Assigned task:
Each record should be returned exactly as it is written.

Provided data:
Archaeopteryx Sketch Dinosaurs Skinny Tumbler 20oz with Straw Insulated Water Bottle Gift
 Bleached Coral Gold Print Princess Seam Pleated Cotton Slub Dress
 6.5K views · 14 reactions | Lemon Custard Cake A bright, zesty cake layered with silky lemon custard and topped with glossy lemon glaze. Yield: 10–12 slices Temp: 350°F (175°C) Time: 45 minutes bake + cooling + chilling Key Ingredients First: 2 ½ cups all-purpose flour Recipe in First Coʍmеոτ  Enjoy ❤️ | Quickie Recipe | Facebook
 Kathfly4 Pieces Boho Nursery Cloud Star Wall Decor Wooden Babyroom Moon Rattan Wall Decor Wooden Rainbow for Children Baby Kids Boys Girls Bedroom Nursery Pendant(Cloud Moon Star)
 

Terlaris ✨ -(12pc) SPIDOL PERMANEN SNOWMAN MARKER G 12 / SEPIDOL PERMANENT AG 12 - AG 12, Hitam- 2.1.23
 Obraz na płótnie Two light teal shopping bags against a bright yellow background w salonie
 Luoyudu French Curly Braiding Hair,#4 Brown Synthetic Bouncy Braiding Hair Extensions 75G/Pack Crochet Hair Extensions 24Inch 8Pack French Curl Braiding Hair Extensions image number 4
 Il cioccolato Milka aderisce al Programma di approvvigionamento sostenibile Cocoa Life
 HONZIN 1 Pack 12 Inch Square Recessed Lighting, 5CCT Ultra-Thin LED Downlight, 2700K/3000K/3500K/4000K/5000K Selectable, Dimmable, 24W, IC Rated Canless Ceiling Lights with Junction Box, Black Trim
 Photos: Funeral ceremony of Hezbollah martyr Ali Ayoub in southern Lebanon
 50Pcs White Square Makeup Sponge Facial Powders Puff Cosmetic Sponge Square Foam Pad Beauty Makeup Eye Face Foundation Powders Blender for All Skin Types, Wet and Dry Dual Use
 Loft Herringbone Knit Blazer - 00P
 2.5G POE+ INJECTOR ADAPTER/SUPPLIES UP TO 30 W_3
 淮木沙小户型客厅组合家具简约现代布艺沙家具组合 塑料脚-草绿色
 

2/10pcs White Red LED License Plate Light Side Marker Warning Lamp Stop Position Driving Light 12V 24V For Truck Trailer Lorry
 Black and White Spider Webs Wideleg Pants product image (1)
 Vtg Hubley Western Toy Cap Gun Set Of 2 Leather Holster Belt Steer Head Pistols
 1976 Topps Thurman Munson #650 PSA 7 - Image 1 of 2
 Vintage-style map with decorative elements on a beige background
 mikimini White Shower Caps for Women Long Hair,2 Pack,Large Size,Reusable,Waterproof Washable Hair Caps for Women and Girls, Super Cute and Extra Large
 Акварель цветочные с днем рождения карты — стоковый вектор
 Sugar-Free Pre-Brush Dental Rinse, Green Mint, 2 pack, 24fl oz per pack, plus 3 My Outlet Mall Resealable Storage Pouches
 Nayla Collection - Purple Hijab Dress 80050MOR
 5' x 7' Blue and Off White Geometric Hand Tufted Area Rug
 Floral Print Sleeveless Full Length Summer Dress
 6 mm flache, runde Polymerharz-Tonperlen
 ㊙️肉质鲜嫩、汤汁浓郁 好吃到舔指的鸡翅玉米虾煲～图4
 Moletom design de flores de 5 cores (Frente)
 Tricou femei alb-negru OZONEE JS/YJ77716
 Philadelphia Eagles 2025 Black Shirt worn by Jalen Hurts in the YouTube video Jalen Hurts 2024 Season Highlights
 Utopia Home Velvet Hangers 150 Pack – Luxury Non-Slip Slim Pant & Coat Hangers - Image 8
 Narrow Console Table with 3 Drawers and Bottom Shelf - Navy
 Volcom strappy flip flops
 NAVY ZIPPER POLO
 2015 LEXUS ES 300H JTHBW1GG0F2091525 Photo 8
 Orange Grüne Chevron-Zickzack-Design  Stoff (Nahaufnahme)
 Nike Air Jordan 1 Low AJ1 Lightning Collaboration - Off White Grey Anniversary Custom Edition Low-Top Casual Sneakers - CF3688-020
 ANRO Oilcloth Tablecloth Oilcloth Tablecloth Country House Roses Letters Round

Answer:
Archaeopteryx Sketch Dinosaurs Skinny Tumbler 20oz with Straw Insulated Water Bottle Gift
 Bleached Coral Gold Print Princess Seam Pleated Cotton Slub Dress
 6.5K views · 14 reactions | Lemon Custard Cake A bright, zesty cake layered with silky lemon custard and topped with glossy lemon glaze. Yield: 10–12 slices Temp: 350°F (175°C) Time: 45 minutes bake + cooling + chilling Key Ingredients First: 2 ½ cups all-purpose flour Recipe in First Coʍmеոτ  Enjoy ❤️ | Quickie Recipe | Facebook
 Kathfly4 Pieces Boho Nursery Cloud Star Wall Decor Wooden Babyroom Moon Rattan Wall Decor Wooden Rainbow for Children Baby Kids Boys Girls Bedroom Nursery Pendant(Cloud Moon Star)
 

Terlaris ✨ -(12pc) SPIDOL PERMANEN SNOWMAN MARKER G 12 / SEPIDOL PERMANENT AG 12 - AG 12, Hitam- 2.1.23
 Obraz na płótnie Two light teal shopping bags against a bright yellow background w salonie
 Luoyudu French Curly Braiding Hair,#4 Brown Synthetic Bouncy Braiding Hair Extensions 75G/Pack Crochet Hair Extensions 24Inch 8Pack French Curl Braiding Hair Extensions image number 4
 Il cioccolato Milka aderisce al Programma di approvvigionamento sostenibile Cocoa Life
 HONZIN 1 Pack 12 Inch Square Recessed Lighting, 5CCT Ultra-Thin LED Downlight, 2700K/3000K/3500K/4000K/5000K Selectable, Dimmable, 24W, IC Rated Canless Ceiling Lights with Junction Box, Black Trim
 Photos: Funeral ceremony of Hezbollah martyr Ali Ayoub in southern Lebanon
 50Pcs White Square Makeup Sponge Facial Powders Puff Cosmetic Sponge Square Foam Pad Beauty Makeup Eye Face Foundation Powders Blender for All Skin Types, Wet and Dry Dual Use
 Loft Herringbone Knit Blazer - 00P
 2.5G POE+ INJECTOR ADAPTER/SUPPLIES UP TO 30 W_3
 淮木沙小户型客厅组合家具简约现代布艺沙家具组合 塑料脚-草绿色
 

2/10pcs White Red LED License Plate Light Side Marker Warning Lamp Stop Position Driving Light 12V 24V For Truck Trailer Lorry
 Black and White Spider Webs Wideleg Pants product image (1)
 Vtg Hubley Western Toy Cap Gun Set Of 2 Leather Holster Belt Steer Head Pistols
 1976 Topps Thurman Munson #650 PSA 7 - Image 1 of 2
 Vintage-style map with decorative elements on a beige background
 mikimini White Shower Caps for Women Long Hair,2 Pack,Large Size,Reusable,Waterproof Washable Hair Caps for Women and Girls, Super Cute and Extra Large
 Акварель цветочные с днем рождения карты — стоковый вектор
 Sugar-Free Pre-Brush Dental Rinse, Green Mint, 2 pack, 24fl oz per pack, plus 3 My Outlet Mall Resealable Storage Pouches
 Nayla Collection - Purple Hijab Dress 80050MOR
 5' x 7' Blue and Off White Geometric Hand Tufted Area Rug
 Floral Print Sleeveless Full Length Summer Dress
 6 mm flache, runde Polymerharz-Tonperlen
 ㊙️肉质鲜嫩、汤汁浓郁 好吃到舔指的鸡翅玉米虾煲～图4
 Moletom design de flores de 5 cores (Frente)
 Tricou femei alb-negru OZONEE JS/YJ77716
 Philadelphia Eagles 2025 Black Shirt worn by Jalen Hurts in the YouTube video Jalen Hurts 2024 Season Highlights
 Utopia Home Velvet Hangers 150 Pack – Luxury Non-Slip Slim Pant & Coat Hangers - Image 8
 Narrow Console Table with 3 Drawers and Bottom Shelf - Navy
 Volcom strappy flip flops
 NAVY ZIPPER POLO
 2015 LEXUS ES 300H JTHBW1GG0F2091525 Photo 8
 Orange Grüne Chevron-Zickzack-Design  Stoff (Nahaufnahme)
 Nike Air Jordan 1 Low AJ1 Lightning Collaboration - Off White Grey Anniversary Custom Edition Low-Top Casual Sneakers - CF3688-020
 ANRO Oilcloth Tablecloth Oilcloth Tablecloth Country House Roses Letters Round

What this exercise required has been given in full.